Summary: A sudden fall in blood glucose during hunger can worsen mood and trigger stress responses.
Hunger and mood are closely linked, new research from the University of Guelph shows.
Researchers at the University of Guelph have found that an abrupt drop in glucose—what many people experience as that “hangry” feeling—can negatively affect mood and produce a measurable stress response. The work, published in the journal Psychopharmacology, used animal models to investigate how rapid changes in glucose metabolism influence emotional behaviour.
“We found evidence that a change in glucose level can have a lasting effect on mood,” said Professor Francesco Leri of the Department of Psychology. “Initially I was skeptical when people said they became irritable if they didn’t eat, but the data are clear: hypoglycemia is a potent physiological and psychological stressor.”
PhD student Thomas Horman, who led the study, added: “When people think about negative mood states and stress, they often focus on psychological causes and overlook metabolic factors. Our results show that poor eating habits can directly influence emotional state.”
The study induced hypoglycemia in rats by administering a glucose metabolism blocker, then assessed the animals’ behaviour in conditioned place avoidance tests. On one occasion the animals were injected with the glucose blocker and placed in a specific chamber; on another occasion they received a neutral injection and were placed in a different chamber. When given the choice later, the rats actively avoided the chamber associated with the hypoglycemic state.
“That avoidance behaviour is a clear sign of stress and anxiety,” Leri explained. “The animals avoid the chamber because they had a stressful, unpleasant experience there and want to avoid repeating it.”
Physiologically, the rats showed higher levels of corticosterone after experiencing hypoglycemia, indicating activation of the stress response. The animals also appeared less active when their glucose metabolism was blocked. To explore whether this reduced activity reflected depressed mood rather than only reduced muscle energy availability, the researchers administered a commonly used antidepressant.
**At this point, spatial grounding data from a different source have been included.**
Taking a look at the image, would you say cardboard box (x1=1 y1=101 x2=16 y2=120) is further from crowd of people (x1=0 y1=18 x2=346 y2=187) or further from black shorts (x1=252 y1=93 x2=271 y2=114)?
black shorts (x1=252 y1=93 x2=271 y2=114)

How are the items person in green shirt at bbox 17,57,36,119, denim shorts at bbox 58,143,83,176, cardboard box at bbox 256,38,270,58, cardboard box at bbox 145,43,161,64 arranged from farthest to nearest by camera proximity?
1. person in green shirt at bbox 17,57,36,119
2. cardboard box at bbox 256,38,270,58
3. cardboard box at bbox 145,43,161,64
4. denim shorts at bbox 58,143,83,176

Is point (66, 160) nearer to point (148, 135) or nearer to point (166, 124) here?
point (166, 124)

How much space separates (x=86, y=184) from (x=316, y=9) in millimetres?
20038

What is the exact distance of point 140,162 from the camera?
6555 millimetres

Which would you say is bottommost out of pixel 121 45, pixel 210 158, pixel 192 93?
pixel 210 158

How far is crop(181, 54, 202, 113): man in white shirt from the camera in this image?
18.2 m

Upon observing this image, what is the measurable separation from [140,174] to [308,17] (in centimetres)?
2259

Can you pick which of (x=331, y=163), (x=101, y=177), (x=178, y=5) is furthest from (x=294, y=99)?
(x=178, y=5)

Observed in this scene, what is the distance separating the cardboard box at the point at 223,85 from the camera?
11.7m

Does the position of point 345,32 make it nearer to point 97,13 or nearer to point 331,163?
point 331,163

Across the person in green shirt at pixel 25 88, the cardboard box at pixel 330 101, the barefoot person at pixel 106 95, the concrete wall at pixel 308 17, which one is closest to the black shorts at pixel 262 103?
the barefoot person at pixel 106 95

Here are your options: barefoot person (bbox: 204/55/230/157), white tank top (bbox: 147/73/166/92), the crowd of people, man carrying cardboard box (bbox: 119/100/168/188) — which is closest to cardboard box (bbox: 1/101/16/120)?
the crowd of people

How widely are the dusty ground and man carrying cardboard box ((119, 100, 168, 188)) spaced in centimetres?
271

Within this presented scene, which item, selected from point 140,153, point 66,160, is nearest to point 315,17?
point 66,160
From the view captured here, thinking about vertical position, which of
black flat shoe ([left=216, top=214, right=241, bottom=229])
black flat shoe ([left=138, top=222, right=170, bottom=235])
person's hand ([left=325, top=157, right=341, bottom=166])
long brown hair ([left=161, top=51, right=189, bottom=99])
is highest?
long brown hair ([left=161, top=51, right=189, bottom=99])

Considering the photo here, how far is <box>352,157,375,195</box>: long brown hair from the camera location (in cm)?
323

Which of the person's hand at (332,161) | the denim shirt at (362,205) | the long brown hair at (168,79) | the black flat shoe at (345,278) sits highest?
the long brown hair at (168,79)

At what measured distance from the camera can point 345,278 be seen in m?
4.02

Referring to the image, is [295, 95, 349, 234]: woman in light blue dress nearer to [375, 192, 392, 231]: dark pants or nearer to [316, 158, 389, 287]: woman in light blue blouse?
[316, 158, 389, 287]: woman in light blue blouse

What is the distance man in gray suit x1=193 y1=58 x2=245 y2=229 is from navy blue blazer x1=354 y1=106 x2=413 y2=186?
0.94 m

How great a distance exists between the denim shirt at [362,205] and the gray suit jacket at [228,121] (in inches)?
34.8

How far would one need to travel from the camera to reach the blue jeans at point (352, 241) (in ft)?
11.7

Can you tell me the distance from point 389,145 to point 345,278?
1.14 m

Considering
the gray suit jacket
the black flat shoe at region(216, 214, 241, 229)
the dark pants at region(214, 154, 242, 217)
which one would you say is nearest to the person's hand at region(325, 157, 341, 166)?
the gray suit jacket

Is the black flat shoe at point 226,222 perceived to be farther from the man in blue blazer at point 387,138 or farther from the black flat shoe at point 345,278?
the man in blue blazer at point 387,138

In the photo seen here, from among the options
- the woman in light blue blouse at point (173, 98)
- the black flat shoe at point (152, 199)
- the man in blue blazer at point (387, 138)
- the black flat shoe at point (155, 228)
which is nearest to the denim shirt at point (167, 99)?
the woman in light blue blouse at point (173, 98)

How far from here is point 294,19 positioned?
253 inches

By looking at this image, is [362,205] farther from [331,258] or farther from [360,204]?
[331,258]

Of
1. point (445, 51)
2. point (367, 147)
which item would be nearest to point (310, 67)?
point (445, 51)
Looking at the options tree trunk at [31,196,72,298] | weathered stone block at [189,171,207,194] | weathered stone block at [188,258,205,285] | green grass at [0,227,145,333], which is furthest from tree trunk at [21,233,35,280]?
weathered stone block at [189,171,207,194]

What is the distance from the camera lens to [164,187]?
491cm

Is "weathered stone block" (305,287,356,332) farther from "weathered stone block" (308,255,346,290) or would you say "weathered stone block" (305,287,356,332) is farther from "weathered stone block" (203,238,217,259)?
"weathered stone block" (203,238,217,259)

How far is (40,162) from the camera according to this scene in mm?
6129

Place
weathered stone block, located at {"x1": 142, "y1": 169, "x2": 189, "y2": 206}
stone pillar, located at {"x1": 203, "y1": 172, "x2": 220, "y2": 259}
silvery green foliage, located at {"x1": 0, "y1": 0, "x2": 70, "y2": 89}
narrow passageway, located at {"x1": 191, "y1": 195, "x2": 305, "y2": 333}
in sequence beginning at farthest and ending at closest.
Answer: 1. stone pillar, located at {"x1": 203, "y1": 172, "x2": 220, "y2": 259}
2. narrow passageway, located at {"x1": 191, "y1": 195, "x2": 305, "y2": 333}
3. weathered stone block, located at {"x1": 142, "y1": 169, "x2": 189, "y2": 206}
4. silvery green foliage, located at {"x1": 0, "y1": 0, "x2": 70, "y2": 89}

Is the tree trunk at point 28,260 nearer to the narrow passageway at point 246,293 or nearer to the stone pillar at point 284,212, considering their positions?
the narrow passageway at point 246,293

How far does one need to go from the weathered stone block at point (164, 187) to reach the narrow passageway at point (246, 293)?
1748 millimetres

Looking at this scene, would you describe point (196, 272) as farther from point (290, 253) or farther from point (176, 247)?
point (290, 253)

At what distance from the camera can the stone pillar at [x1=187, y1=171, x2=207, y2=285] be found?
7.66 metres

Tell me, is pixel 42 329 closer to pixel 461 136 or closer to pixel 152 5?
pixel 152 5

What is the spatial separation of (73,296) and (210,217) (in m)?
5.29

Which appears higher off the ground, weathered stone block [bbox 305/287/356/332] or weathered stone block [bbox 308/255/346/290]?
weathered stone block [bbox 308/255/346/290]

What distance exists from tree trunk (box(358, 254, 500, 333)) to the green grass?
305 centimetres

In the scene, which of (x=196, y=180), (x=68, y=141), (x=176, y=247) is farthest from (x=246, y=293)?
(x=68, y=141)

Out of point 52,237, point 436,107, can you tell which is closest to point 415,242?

The antidepressant restored normal activity despite continued impairment of peripheral glucose supply, suggesting the behavioural change reflected altered mood or arousal rather than solely a lack of muscular fuel.
These findings suggest that disrupted glucose metabolism can influence mood through effects on both the hypothalamic–pituitary–adrenal (HPA) axis and monoamine systems in the brain. For people who struggle with anxiety or depression, the study highlights the potential importance of nutrition and meal patterns as part of a comprehensive treatment plan.
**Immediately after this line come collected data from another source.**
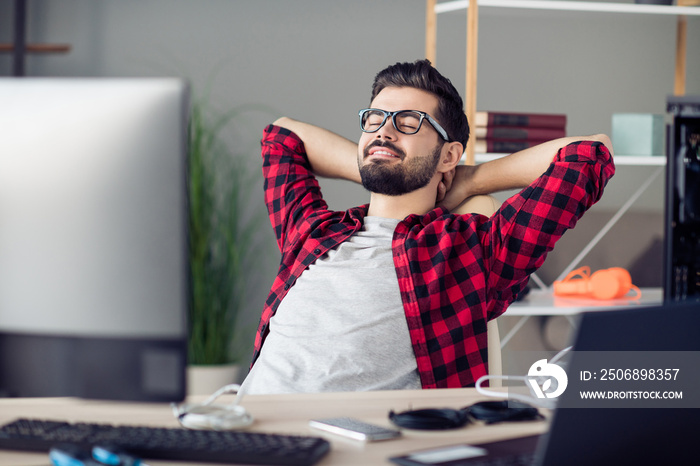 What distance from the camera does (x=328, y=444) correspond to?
2.41 ft

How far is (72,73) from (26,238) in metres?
2.60

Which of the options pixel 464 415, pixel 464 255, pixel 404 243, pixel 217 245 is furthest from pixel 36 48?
pixel 464 415

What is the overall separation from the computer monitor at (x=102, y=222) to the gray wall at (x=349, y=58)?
250cm

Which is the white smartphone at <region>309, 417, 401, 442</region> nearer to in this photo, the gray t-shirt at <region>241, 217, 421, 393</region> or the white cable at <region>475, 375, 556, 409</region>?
the white cable at <region>475, 375, 556, 409</region>

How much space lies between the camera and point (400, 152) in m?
1.72

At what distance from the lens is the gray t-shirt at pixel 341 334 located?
4.49ft

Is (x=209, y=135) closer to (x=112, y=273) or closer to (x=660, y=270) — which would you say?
(x=660, y=270)

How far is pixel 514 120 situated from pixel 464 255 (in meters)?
1.05

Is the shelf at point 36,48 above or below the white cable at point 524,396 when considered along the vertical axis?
above

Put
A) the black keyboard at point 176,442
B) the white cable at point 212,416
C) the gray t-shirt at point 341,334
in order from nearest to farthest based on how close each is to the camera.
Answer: the black keyboard at point 176,442 < the white cable at point 212,416 < the gray t-shirt at point 341,334

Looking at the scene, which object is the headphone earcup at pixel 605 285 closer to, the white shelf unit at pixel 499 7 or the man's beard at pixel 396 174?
the white shelf unit at pixel 499 7

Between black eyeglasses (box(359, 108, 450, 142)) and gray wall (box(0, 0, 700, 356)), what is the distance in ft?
4.80

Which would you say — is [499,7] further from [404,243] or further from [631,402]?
[631,402]

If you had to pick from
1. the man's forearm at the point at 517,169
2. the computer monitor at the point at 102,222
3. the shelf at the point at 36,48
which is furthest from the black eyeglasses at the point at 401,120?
the shelf at the point at 36,48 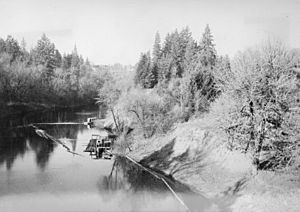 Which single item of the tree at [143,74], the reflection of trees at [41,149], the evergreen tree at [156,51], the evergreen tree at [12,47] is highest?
the evergreen tree at [12,47]

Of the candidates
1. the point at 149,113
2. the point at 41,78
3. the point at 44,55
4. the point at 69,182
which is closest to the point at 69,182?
the point at 69,182

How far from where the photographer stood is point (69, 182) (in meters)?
16.6

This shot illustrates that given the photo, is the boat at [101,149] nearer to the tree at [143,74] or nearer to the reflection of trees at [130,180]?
the reflection of trees at [130,180]

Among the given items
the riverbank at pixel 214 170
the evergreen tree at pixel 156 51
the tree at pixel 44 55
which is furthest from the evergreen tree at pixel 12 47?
the riverbank at pixel 214 170

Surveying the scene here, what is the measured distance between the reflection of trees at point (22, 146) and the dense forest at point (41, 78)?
51.3ft

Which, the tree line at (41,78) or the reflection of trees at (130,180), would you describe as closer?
the reflection of trees at (130,180)

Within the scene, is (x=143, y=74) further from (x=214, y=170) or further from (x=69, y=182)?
(x=69, y=182)

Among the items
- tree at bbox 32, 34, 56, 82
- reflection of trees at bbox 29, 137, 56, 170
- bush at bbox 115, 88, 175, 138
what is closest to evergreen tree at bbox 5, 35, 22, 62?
tree at bbox 32, 34, 56, 82

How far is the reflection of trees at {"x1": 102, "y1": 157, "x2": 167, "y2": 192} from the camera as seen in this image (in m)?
16.4

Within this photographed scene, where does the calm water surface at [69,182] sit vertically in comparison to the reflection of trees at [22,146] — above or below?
below

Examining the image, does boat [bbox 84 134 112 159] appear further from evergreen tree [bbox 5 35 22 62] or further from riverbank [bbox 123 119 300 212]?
evergreen tree [bbox 5 35 22 62]

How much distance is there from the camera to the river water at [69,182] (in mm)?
13742

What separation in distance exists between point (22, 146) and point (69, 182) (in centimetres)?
1006

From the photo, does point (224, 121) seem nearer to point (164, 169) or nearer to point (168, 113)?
point (164, 169)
“Factors that contribute to depression and anxiety vary among individuals,” Horman said. “Knowing that nutrition can be a contributing factor means clinicians and patients can consider eating habits as part of prevention and treatment strategies.”
The research also offers insight into links between mood disorders and metabolic illnesses such as obesity, diabetes, bulimia and anorexia. Because hypoglycemia produced both behavioural avoidance and elevated stress hormones in the study, the authors plan to investigate whether repeated or chronic hypoglycemic episodes represent a risk factor for developing longer-term depression-like behaviours.
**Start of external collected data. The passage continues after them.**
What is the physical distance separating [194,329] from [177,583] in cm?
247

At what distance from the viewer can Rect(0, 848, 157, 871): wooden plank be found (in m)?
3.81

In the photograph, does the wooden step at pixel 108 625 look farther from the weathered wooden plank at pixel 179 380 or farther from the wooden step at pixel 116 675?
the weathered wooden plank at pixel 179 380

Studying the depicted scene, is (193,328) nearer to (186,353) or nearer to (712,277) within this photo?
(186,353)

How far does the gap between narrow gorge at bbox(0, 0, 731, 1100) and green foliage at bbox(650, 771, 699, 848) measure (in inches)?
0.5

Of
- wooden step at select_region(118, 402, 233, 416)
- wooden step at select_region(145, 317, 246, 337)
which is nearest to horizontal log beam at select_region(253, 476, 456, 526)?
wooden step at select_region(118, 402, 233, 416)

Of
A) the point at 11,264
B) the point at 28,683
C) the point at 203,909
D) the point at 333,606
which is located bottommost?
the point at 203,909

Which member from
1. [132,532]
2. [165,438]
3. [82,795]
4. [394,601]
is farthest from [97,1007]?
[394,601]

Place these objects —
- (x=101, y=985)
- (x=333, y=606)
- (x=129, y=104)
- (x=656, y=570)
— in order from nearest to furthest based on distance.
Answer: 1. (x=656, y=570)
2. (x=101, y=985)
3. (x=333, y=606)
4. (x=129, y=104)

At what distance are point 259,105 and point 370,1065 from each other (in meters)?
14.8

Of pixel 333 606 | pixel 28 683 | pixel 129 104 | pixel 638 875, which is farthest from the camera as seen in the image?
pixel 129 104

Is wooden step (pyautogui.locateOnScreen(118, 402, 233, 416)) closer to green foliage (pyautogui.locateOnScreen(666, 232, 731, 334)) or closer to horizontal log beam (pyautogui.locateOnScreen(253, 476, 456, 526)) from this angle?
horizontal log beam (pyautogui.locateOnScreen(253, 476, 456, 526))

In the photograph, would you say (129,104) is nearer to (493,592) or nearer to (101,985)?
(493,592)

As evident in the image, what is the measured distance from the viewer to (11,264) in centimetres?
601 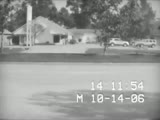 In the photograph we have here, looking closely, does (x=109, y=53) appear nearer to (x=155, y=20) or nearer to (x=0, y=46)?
(x=155, y=20)

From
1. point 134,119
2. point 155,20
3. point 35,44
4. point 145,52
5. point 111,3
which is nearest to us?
point 155,20

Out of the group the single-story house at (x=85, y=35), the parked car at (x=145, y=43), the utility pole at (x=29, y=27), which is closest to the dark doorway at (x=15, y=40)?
the utility pole at (x=29, y=27)

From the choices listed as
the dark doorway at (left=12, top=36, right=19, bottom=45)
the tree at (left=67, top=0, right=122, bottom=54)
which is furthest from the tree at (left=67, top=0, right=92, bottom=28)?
the dark doorway at (left=12, top=36, right=19, bottom=45)

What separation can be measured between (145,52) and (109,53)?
0.74 m

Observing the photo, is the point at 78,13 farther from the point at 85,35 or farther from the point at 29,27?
the point at 85,35

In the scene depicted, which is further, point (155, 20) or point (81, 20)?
point (81, 20)

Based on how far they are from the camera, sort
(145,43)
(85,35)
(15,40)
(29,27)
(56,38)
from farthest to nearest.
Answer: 1. (85,35)
2. (56,38)
3. (145,43)
4. (15,40)
5. (29,27)

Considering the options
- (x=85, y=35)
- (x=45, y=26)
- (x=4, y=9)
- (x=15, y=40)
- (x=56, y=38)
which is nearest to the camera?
(x=4, y=9)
While missing a single meal may simply make you temporarily irritable, Horman cautions that chronic meal skipping could create a vicious cycle: poor eating leads to drops in mood, reduced mood suppresses appetite, and persistent exposure to that stressor could shift emotional baseline to a more constant negative state.
Source: Thomas Horman, University of Guelph. Published in Psychopharmacology.
Original research title: An exploration of the aversive properties of 2-deoxy-D-glucose in rats.
Abstract summary: Acute hypoglycemia alters arousal and produces negative mood-like effects. In a series of experiments with male Sprague-Dawley rats, the glucose antimetabolite 2-deoxy-D-glucose (2-DG) produced conditioned place avoidance, increased blood corticosterone, and suppressed locomotion. Feeding status influenced these outcomes. Treatment with clonidine (an α2 noradrenergic agonist) or bupropion (a monoamine reuptake inhibitor) attenuated avoidance and stress hormone responses, with bupropion also reversing locomotor suppression. These results suggest impaired glucose metabolism can negatively affect arousal and mood through HPA and monoamine system interactions.
This summary reports findings from controlled laboratory experiments in animals and describes potential mechanisms linking glucose metabolism and emotional state. It highlights the importance of consistent, balanced nutrition as one component that may influence mood and suggests further research is needed to determine how chronic metabolic challenges affect mental health in humans.